Solr7 configurations for python haystack

Test Java

Solr 7 required Java 8+ to run.

$ java -version
openjdk version "1.8.0_141"
OpenJDK Runtime Environment (build 1.8.0_141-8u141-b15-3~14.04-b15)
OpenJDK 64-Bit Server VM (build 25.141-b15, mixed mode)

Download and install Solr 7 as a service

$ cd
$ wget http://www.us.apache.org/dist/lucene/solr/7.1.0/solr-7.1.0.tgz
$ tar xzf solr-7.1.0.tgz solr-7.1.0/bin/install_solr_service.sh --strip-components=2
$ sudo bash ./install_solr_service.sh solr-7.1.0.tgz

Solr process 1127 running on port 8983
  "version":"7.1.0 84c90ad2c0218156c840e19a64d72b8a38550659 - ubuntu - 2017-10-13 16:15:59",
  "uptime":"0 days, 0 hours, 0 minutes, 13 seconds",
  "memory":"22.9 MB (%4.7) of 490.7 MB"}
$ sudo service solr restart

Create a default Solr core

Core creation needs to be performed on behalf of solr user because Solr would run into permission problems otherwise

sudo su - solr -c '/opt/solr/bin/solr create -c mycore1'

Configuring the solrconfig.xml

Open /var/solr/data/mycore1/conf/solrconfig.xml Search for configrations for ManagedIndexSchemaFactory and remove them all. Add following configuration to the solrconfig.xml file

<schemaFactory class="ClassicIndexSchemaFactory"/>

Search for the following XML element and remove the whole element

<processor class="solr.AddSchemaFieldsUpdateProcessorFactory">

Rename the /var/solr/data/mycore1/conf/managed-schema to schema.xml

Restart the solr instance.

$ sudo service solr restart

Goto Solr admin, and make sure the core is working without any issues.


# Install Haystack and pysolr

[haystack installallation](http://django-haystack.readthedocs.io/en/latest/tutorial.html#installation)

(env)$ pip install django-haystack
(env)$ pip install pysolr

Override django-haystack default template for schema.xml

  • Grab /search_configuration/solr.xml file from this repository and put it into your Django project where django-haystack will be able to locate the template (more on this here), such as:
  • solr.xml is how django-haystack likes to call schema.xml templates.
  • Now you can use analyzers of your preference by modifying the template.
  • You can see the django-haystack-specific config near the top of the template, so if you ever need to use another initial template, make sure to remove from your template the declarations for <field name="id" ... and for <uniqueKey> as these will be declared by the django-haystack-specific config and copy the django-haystack-specific config into the same spot in your template.

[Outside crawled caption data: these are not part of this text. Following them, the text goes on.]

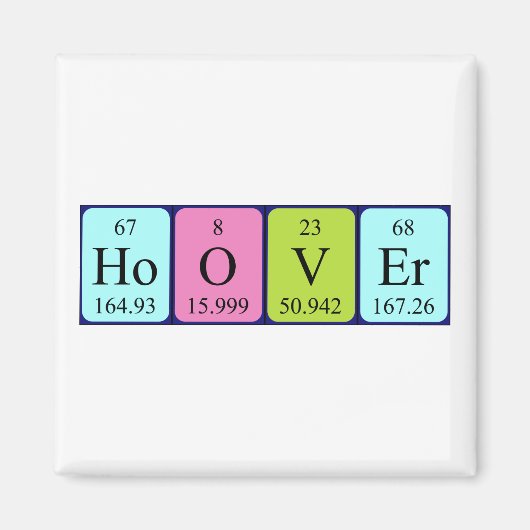 Hoover periodiek lijstnaam magnet (Voorkant)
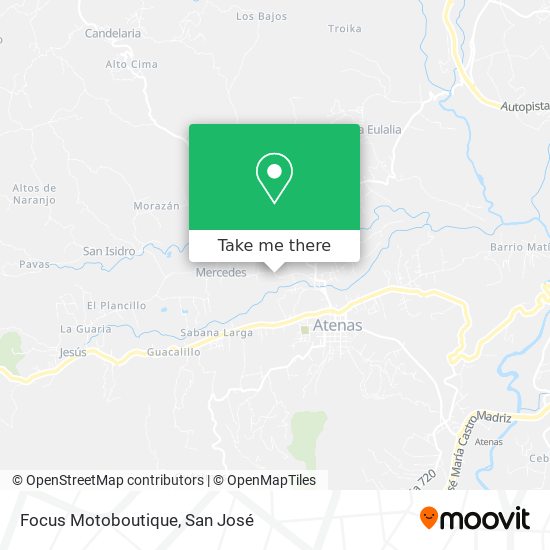 Mapa de Focus Motoboutique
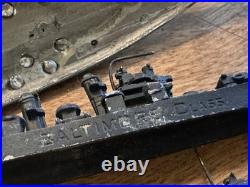 Lot of 5 Scale Lead, Pewter Waterline US Navy Ships Battleships Vintage Military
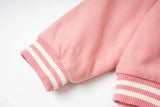 Quilted Stand Collar Letter Patch Varsity Jacket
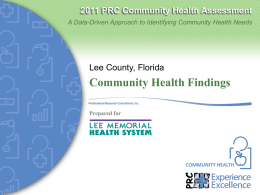 2011 PRC Community Health Assessment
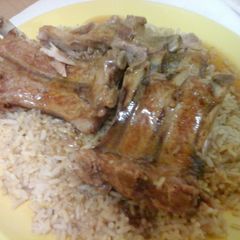 A picture of BBQ RIBS with SAUCE (Irmgards).
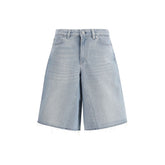 Our Legacy Blue Cotton Bermuda Shorts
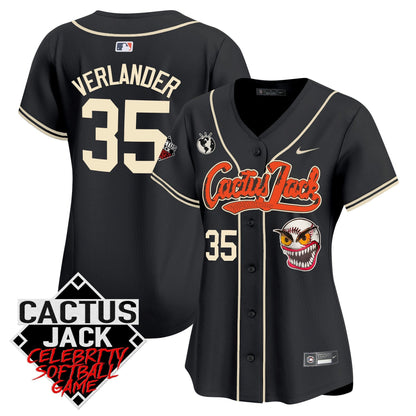 Camisa MLB Women’s Cactus Jack Celebrity Softball Game Patch Vapor Premier Limited Jersey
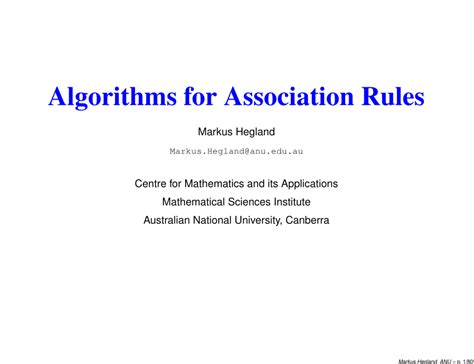 Association Rules Algorithm 的图像结果
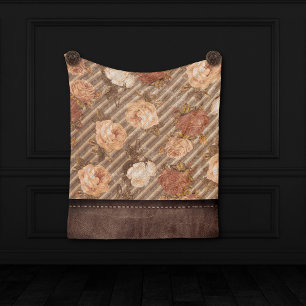 Tenture Rose aux épices en cuivre vintage   Fond rustique 
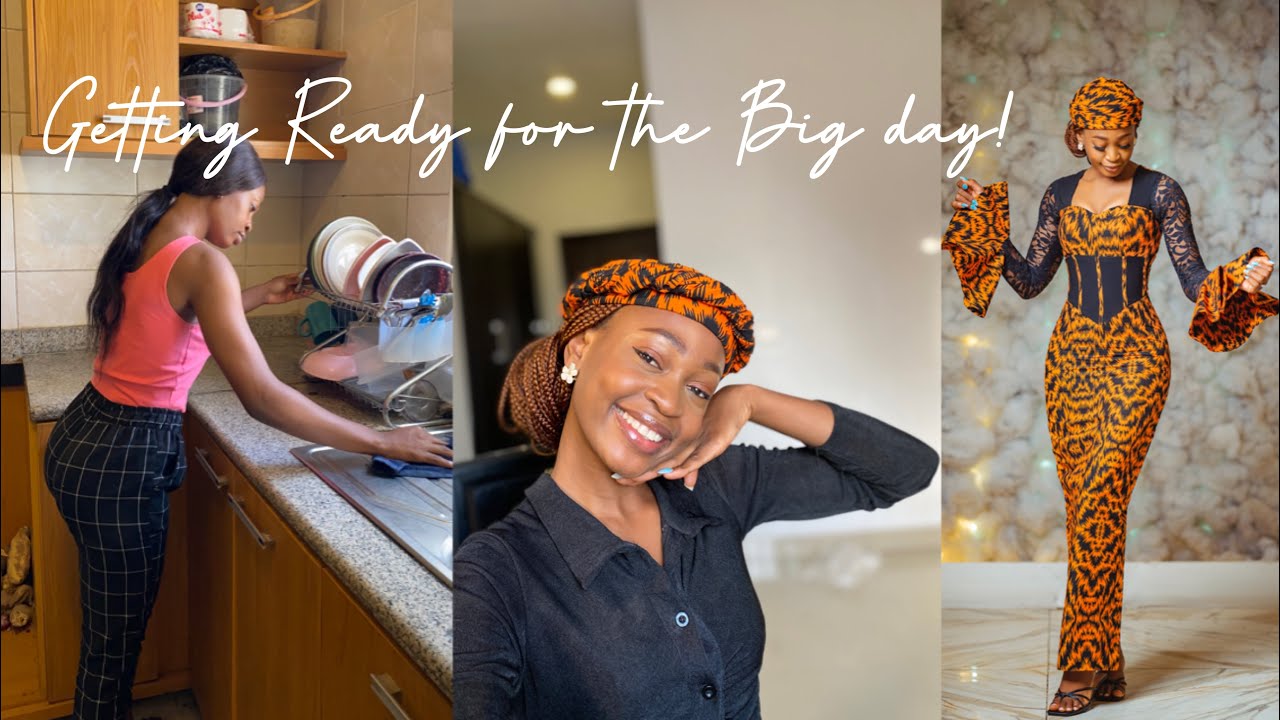 Last Few Days in Abuja| Cleaning |wedding Preparations| Making my dress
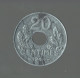 ETAT FRANCAIS - 20 CTS TYPE 20 ZING 1944 TTB+ - 20 Centimes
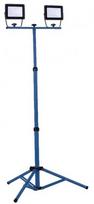 Statybinis prožektorius su stovu, pastatomas AS-Schwabe Optiline, 60 W, 5400 lm, 4000 °K, IP65, mėlyna sp./juoda sp.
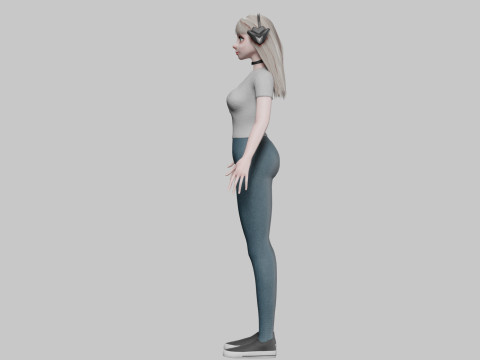 Cool Basic Woman V28402 3D Model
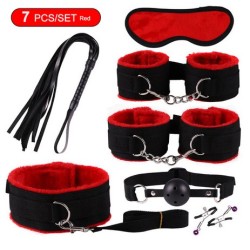 BDSM sada - černočervená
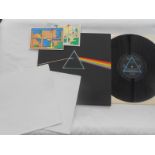 Pink Floyd - Dark side of the Moon UK LP Record. SHVL 804. A-8 and B-7 EX The vinyl is in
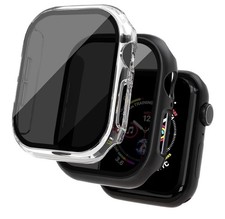 2 Pack Privacy Case for Apple Watch Screen Protector, iWatch Series 11 Series 10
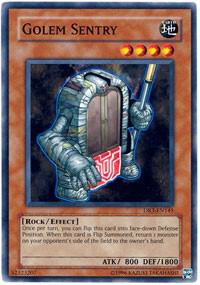 Golem Sentry DR3-EN145 card from Dark Revelation Volume 3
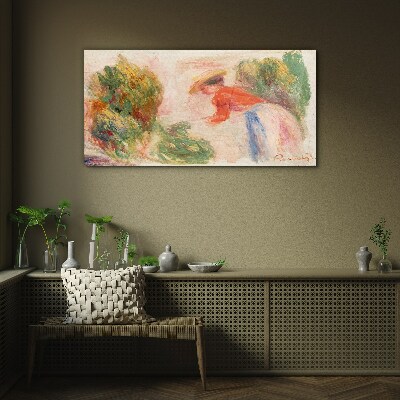 Tableau verre imprimé Travailler dans le jardin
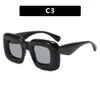 2 PCS الأزياء الفاخرة مصمم بالون نظارة شمسية مربعة قابلة للنفخ 2023 نيو نمط جديد نظارات داكنة الرجال والنساء أزياء مضحكة الرجال لطيف مضحك نظارات مضحكة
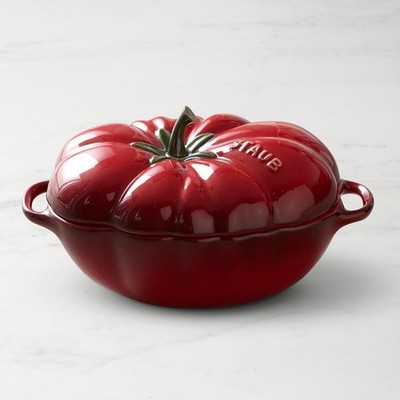 Williams Sonoma Staub Stoneware Petite Tomato Cocotte - 16 oz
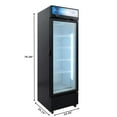 thumbnail image 3 of 47 in. Commercial 2 Door Merchandiser Refrigerator, With 2 Full Glass Doors, 30 Cu. Ft., 3 of 4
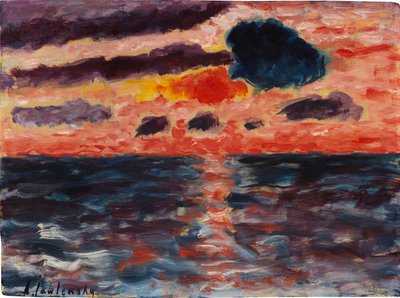 Solnedgång, Borkum, 1928. av Alexei Javlensky von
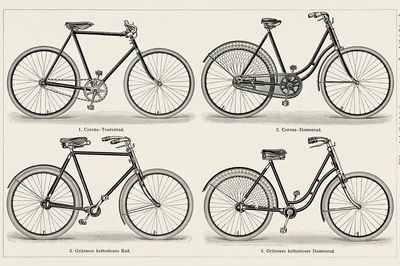 Fahrrader 1 (1894) German series. poster print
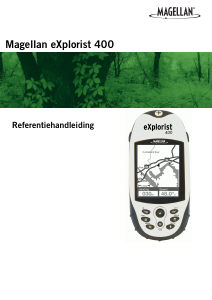 Handleiding Magellan eXplorist 400 Handheld navigatiesysteem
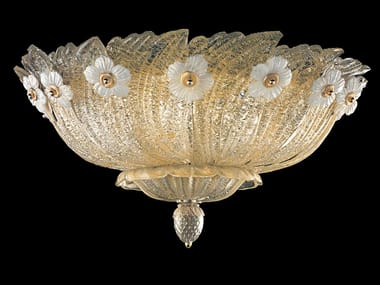 GRAND HOTEL - Venetian crystal ceiling lamp (Request Info).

Fine-tune django-haystack settings

  • Modify the settings for django-haystack in your Django settings to make it talk to a specific core:
    "default": {
        "ENGINE": "haystack.backends.solr_backend.SolrEngine",
        "URL": ""
    # ... other settings ...

Make it easy to rebuild Solr schema

  • There is no need for manual schema.xml copying and Solr restarting whenever you rebuild your schema for django-haystack as the schema can be put directly into the core's config and the core can then be reloaded, which is way faster than restarting the entire server, all with a single command:
python manage.py build_solr_schema --filename=/var/solr/data/mycore1/conf/schema.xml && curl 'http://localhost:8983/solr/admin/cores?action=RELOAD&core=mycore1&wt=json&indent=true'
  • You could also add && python manage.py rebuild_index to the command if you've modified fields in your SearchIndex classes and want the changes to get reflected in the index for all model instances regardless of when they were or will be indexed.
  • You could place your other Solr config files under search_configuration, such as solrconfig.xml or synonyms.txt, and sync it all together (with e.g. rsync --exclude=solr.xml ...).
  • You will likely need to change the permissions on /var/solr/data/<core_name> to more liberal ones for the above line to execute.